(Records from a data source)
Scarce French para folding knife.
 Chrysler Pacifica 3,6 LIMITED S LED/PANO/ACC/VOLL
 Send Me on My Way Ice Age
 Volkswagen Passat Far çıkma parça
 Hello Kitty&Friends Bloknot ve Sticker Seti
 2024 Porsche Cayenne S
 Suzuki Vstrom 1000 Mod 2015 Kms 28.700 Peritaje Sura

TO DO: Copy the data above in full, character for character.

EXERCISE OUTPUT:
Scarce French para folding knife.
 Chrysler Pacifica 3,6 LIMITED S LED/PANO/ACC/VOLL
 Send Me on My Way Ice Age
 Volkswagen Passat Far çıkma parça
 Hello Kitty&Friends Bloknot ve Sticker Seti
 2024 Porsche Cayenne S
 Suzuki Vstrom 1000 Mod 2015 Kms 28.700 Peritaje Sura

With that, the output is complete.